En attendant de voir si Belhassen Trabelsi va aller jusqu'au bout de son engagement, en rentrant au pays pour affronter la justice, précisons à nos lecteurs que certaines contrevérités sont contenues dans sa lettre.
Selon nos informations, l'incendie de sa maison a eu lieu après son évasion et non avant. Au moment de son départ, il a rencontré certaines personnes et il ne leur a pas dit que sa maison a été attaquée. Il était même serein.
Il dit qu'il n'a jamais possédé un bien de l'Etat, mais oublie de signaler que la concession Ford, qui appartenait à l'Etat, lui a été cédée à la suite de quelques subterfuges.

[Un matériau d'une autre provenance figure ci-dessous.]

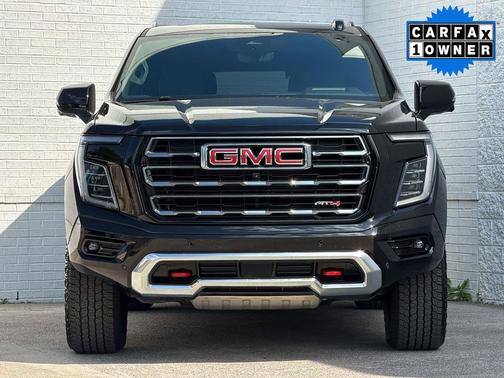 Onyx Black 2026 GMC Yukon 4WD AT4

A propos des biens qu'il dit ne pas posséder à l'étranger, on sait qu'il possède (au moins) la compagnie aérienne égyptienne Koral Blue, filiale de Karthago Airlines.
Et il est évident qu'il a, au moins, un compte à l'étranger grâce auquel il séjourne au Canada depuis janvier 2011 et qu'il se paie les meilleurs avocats. L'histoire de ce compte a été évoquée, le 18 septembre 2011 par la Télévision Suisse Romande (TSR). Ce compte est à la HSBC Private Bank de Genève et il est crédité de 11 millions de francs suisses (soit l'équivalent de 17 millions de dinars tunisiens), selon TSR qui n'a pas été démentie par la banque.
Si nos informations sont erronées, nous lui publierons (volontiers) son droit de réponse, à condition qu'il prouve le contraire.